Власти лавировали, а негативная реакция на информацию – например, о мусульманском «фанатизме» – поддерживала многовековые стереотипы. Такие стереотипы углубляли социальный и психологический антагонизм между «русским центром» и населением, типизировавшимся с помощью терминов «азиат», «мусульманин», «татарин», попадавших в обобщенно-политическую категорию зла. Вполне возможно, что, как считал специалист по истории ислама Марк Батунский, государственные идеологи «стремились представить татар потомками монгольских завоевателей и, исходя из этого, в отношении их культуры вели более жесткую политику преследования».
Исследователи справедливо замечают, что одновременно могли проводиться разные линии. Во-первых, агрессивная, отличавшаяся стремлением государства к насильственной ассимиляции или к сегрегации мусульман на основе господствующей идеологии. Во-вторых, прагматическая, гибкая. Для такой линии характерно желание обеспечить стабильность на периферии империи «методами сотрудничества с мусульманскими элитами», а также с помощью поддержания «относительной терпимости к исламу». В то же время и реформаторство сибирских мусульман предполагало приспособление части уммы к реалиям современной жизни через адаптацию культурных, экономических, политических нововведений, как и стандартов поведения.
Наряду с вольной миграцией в Сибирь мусульман из Поволжья продолжилось и невольное переселение – осужденных по уголовным и политическим статьям, в том числе участников восстаний и заговоров, проходивших под антирусскими и исламскими лозунгами. Так, здесь оказались участники Андижанского восстания 1898 г., о которых Дмитрий Менделеев, посещавший родной Тобольск, написал: «Меня повели в находящуюся с краю каторжную тюрьму, где заключены на разные сроки завзятые убийцы и преступники вроде андижанских среднеазиатцев, учинивших фанатические убийства в военном лагере около Андижана. Для магометан приглашают муллу, чтобы религиозное настроение умиротворяло запертую жизнь и облегчало внутреннее самосознание».
Западная Сибирь принадлежала к «местам не столь отдаленным». Только на территории Томской губернии насчитывалось 6 пересыльных тюрем, через которые осужденных этапировали дальше на восток. Иногда изоляция являлась мерой, введенной из-за политических обстоятельств, сословных, этнических, региональных противоречий и борьбы за лидерство в уголовной иерархии. По замечанию тюремной администрации мусульмане с Кавказа «благодаря своей национальной неустрашимости и решительности, а также пылкому темпераменту не боятся русских и держат себя вызывающе по отношению к ним».

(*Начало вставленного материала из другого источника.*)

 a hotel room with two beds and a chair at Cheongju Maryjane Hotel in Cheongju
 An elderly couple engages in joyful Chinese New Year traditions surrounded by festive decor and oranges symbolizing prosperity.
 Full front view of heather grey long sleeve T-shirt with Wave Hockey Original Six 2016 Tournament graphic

Исламофобия на тот момент уже нехарактерна для всего российского общества. А вот для Церкви исламская проблема не была на периферии. Например, в 1851 г. Тобольская духовная консистория отметила: «Что воспрещение русским проживать в домах магометан и носить одежду подобную магометанской не будет согласовано с местными обстоятельствами Сибирского края, и, не говоря о затруднительности сей меры, она не только не принесет пользы, но может возродить даже вредные последствия, ибо всякое нововведение резко действует на умы людей грубых и необразованных, особенно же между дикарями, к числу коих принадлежит большая часть сибирских инородцев, исповедывающих магометанскую веру».